Lectionary: Genesis 1:1-2:4a; Canticle 2 (Rite I) and Canticle 13 (Rite II); 2 Corinthians 13:11-13; Matthew 28:16-20
It’s a wonderfully complicated day today. We gather to celebrate the baptism of Maeve Nash, welcoming
As only God can do, our lectionary today is perfect. We begin with the story of creation from Genesis 1. God created and created and created like a mad artist; each creation leading to another burst of creative love revealing yet another dimension of the nature and character of God.
The creation story culminates with God’s creation of humankind… “in the image of God” they were created, male and female.
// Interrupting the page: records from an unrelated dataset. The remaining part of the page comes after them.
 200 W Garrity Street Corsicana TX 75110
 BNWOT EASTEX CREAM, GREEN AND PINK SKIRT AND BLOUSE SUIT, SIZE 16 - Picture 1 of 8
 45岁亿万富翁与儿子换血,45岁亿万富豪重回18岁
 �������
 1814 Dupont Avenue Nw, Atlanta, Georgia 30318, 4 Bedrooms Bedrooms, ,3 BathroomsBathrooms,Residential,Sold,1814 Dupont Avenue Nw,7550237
While all of creation is infused with the breath of God’s creative love, only humans are created in God’s own image, and more than that, we are given responsibility to care for the rest of creation.
Please don’t let the phrase “have dominion over” trip you up. It can and does mean rule over, but it also means “noble.” God made humans noble in relation to all other creation. To be noble is to have higher moral principles and ideals.
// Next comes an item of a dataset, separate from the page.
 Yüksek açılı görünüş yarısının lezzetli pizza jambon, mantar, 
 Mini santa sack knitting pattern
Dominion is not the same as dominance. Dominion is relational. Dominance is hierarchical. Dominion is other-centered. Dominance is self-centered.
While we’re at it, there are two more phrases in our gospel text to clarify. The first is: “Go, therefore, and make disciples.” We had a lively discussion about this at our Bible study this past week. It’s the word translated as “make” that has led to so much coercive action by churches that may or may not have been trying to do the right thing. The problem is the word isn’t “make” – it’s “teach” (literally). Teach others to be disciples.
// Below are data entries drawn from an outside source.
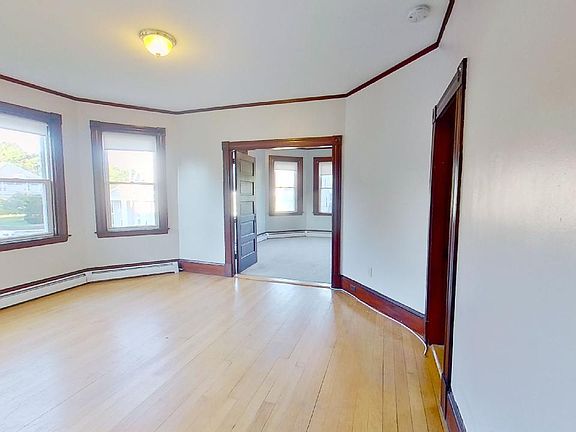 5th image of 25 Williams St APT 2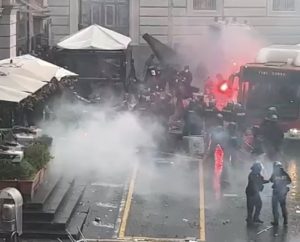 caos ultrà napoli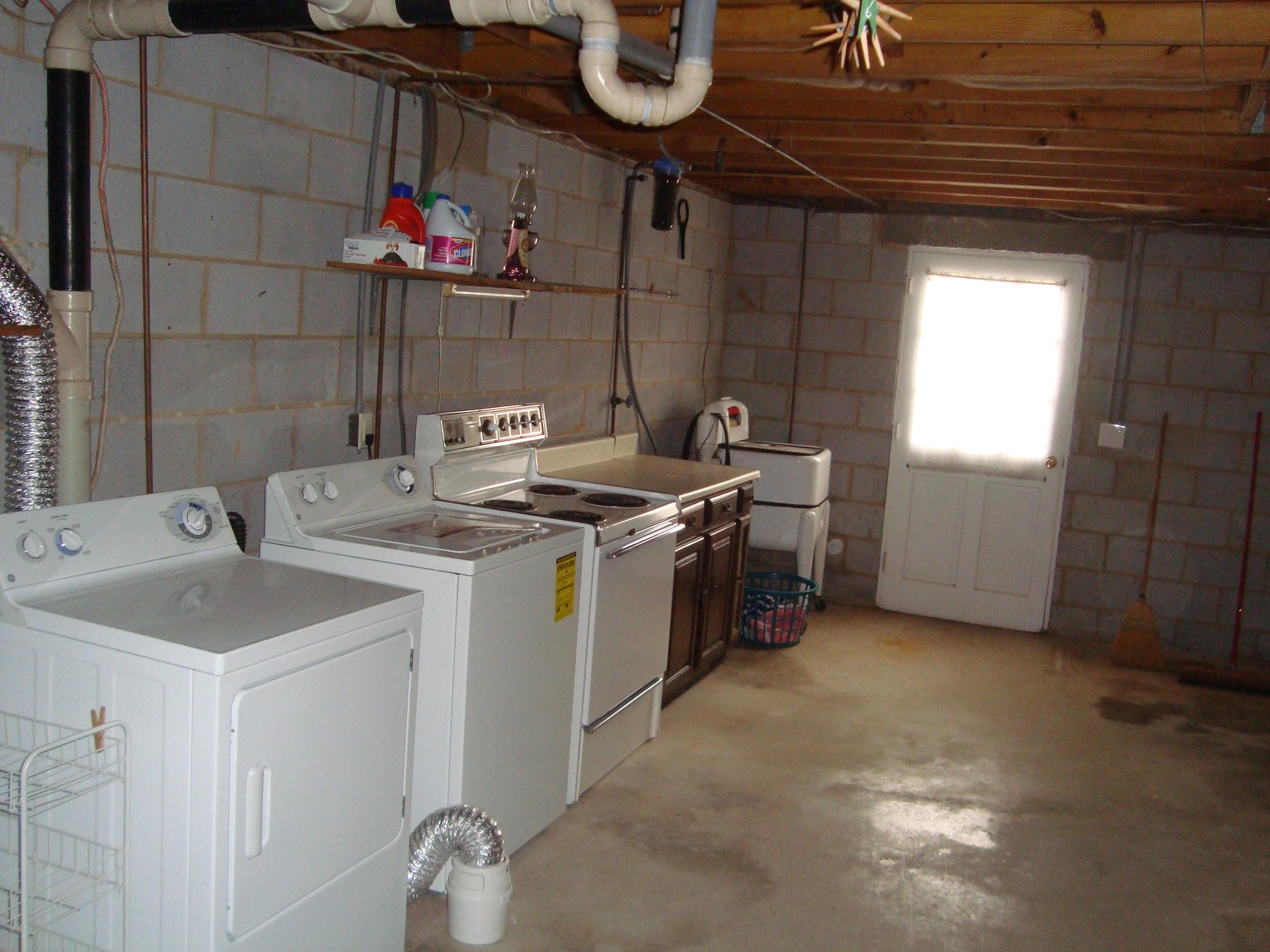 3288 Read Mountain Road Roanoke, VA 24019 - Photo 12 of 14 Laundry Room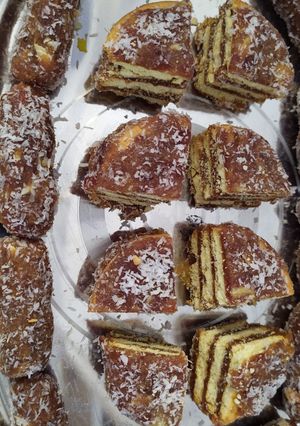 ખજૂર બિસ્કિટ (KHAJUR BISKIT RECIPE IN GUJARATI) રેસીપી મુખ્ય ફોટો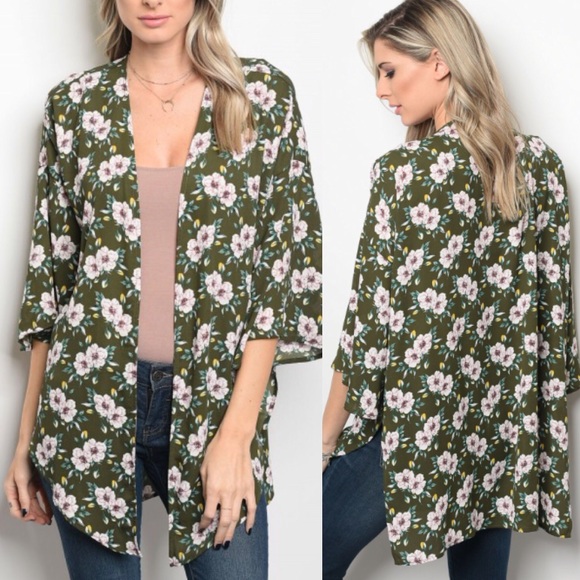 ❗️Last 1! S (runs big)Gorgeous green floral kimono - Picture 2 of 2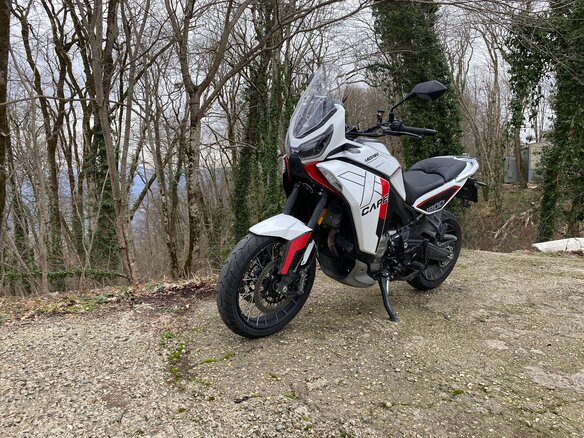 2026 Moto Morini X-CAPE 1200, красный, 1499900 рублей - вид 11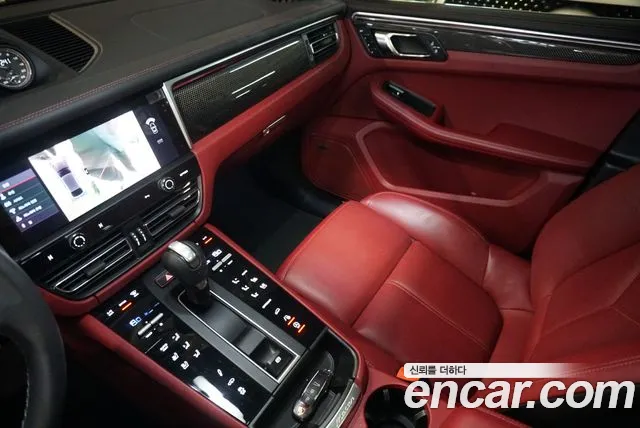 Porsche Macan 2022 thumb 12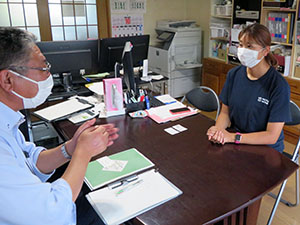 櫻庭会長(右)と意見交換する拠点職員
That’s exactly what we are going to promise to do for Maeve as we baptize her. We’ll promise to teach her – as her community of faith – to be a disciple of Jesus.
The second is the word translated as “obey.” Baptize them, Jesus says, in the name of the Trinity, and teach them to obey everything that I have commanded you. The word “obey” has also led many in the church to focus on enforcing compliance with rules, which is sad, because what Jesus actually said here is better translated as “observe, keep, maintain.”
Love God with all our hearts, minds, and souls. Love our neighbor as ourselves. Love one another as heloved us. Love our enemies. Love - in all its many, complicated forms. When we gather to worship and share Holy Communion, we reconnect ourselves to God and to one another, because answering Jesus’ command to love isn’t easy. In fact, it often seems impossible.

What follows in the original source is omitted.